原子炉等規制法により、電力事業者は、原発ごとに海に出る放射性物質の上限量を定めるよう決められている(総量規制)。福島第一の場合、セシウムなどは年間二二〇〇億ベクレルで、年度が変わるとゼロから計算(!!)される。(⇒感嘆に値する)
しかし、四月二日に2号機取水口近くで高濃度汚染水が漏出しているのが見つかり、同四日には汚染水の保管場所を確保するため、東京電力は建屋内のタンクに入っていた低濃度汚染水を意図的に海洋に放出した。
これら二件の漏出と放出だけで、原発外に出た放射性物質の総量は四七〇〇兆ベクレル(東電の試算)に達し、既に上限値の二万倍を超える。 試算に対しては、国内外の研究機関から「過小評価」との異論も出ている。
今月四日には、処理済みの汚染水を蒸発濃縮させる装置から、二六〇億ベクレルの放射性ストロンチウムを含む水が海に漏れ出した。 さらには、敷地内に設置した処理水タンクが来年前半にも満杯になる見込み。

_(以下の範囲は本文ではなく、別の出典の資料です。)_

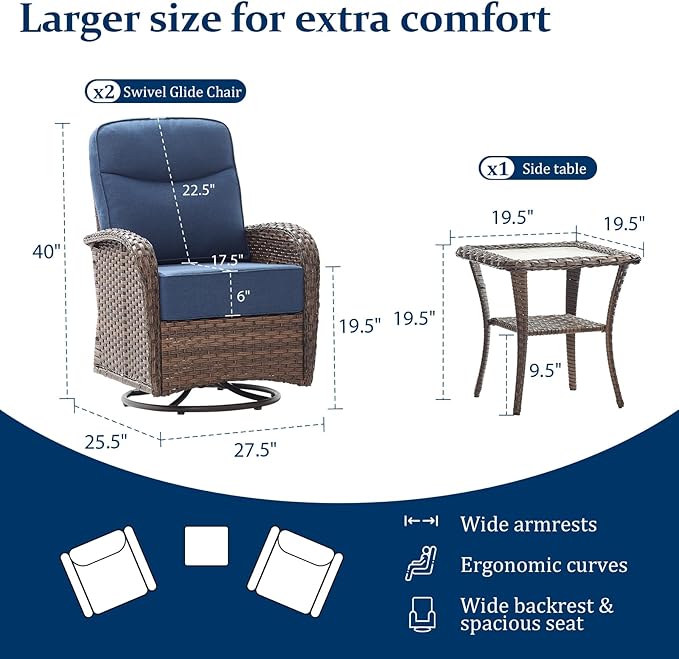 Outdoor Swivel Rocking Chair Patio Set (3-Piece), High-Back - Thick Cushion Swivel Rocking Chair Patio Set, All-Weather Wicker Patio Furniture Set, Suitable for Balcony Patios, Brown/Blue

この水にもストロンチウムが含まれている。東電はできるだけ浄化して海洋放出することを検討している。漁業団体の抗議を受け、当面は放出を見送る方針だ。
保安院は本紙の取材に対し、事故への対応が最優先で、福島第一は損傷で漏出を止められる状態にない「緊急事態」だった点を強調し、総量規制を適用せず、四七〇〇兆ベクレルの漏出をゼロ扱いする理由を説明した。 「緊急事態」に伴う特例扱いは「事故収束まで」続くとも説明したが、具体的な期間は「これからの議論」とあいまい。 今後、仮に放射性物質を含んだ処理水を放出したとしても、ゼロ扱いを続けるという。(東京新聞)
・・
こういう日は、喪に服して、酒宴をするにかぎる。
〈「被曝避難基準20ミリシーベルト」について〉
・被ばく避難基準:20ミリシーベルト「妥当な値」政府WG
東京電力福島第1原発事故で放出された放射性物質による低線量被ばくの影響を有識者で検討する政府のワーキンググループ(WG、共同主査・長滝重信長崎大名誉教授、前川和彦東京大名誉教授)は15日、年20ミリシーベルト程度の被ばくによる健康影響は低いとしたうえで、政府の除染方針と同様に年20ミリシーベルトの地域では2年後に年10ミリシーベルト、その後は年5ミリシーベルトを中間的なに目標にすべきだとの提言をまとめた。細野豪志原発事故担当相に提出した。
◇段階的下げ提言
WGは、国際的な基準を参考に、避難の基準となっている年20ミリシーベルトについて「(喫煙などの)他の発がんリスク要因と比べて十分に低い水準だ」として、科学的に妥当な値だと結論付けた。福島県民の被ばく線量は年20ミリシーベルトを平均的に下回っていると分析する一方、「線量が高い地域から、優先順位をつけて徐々に下げていくべきだ」と提案した。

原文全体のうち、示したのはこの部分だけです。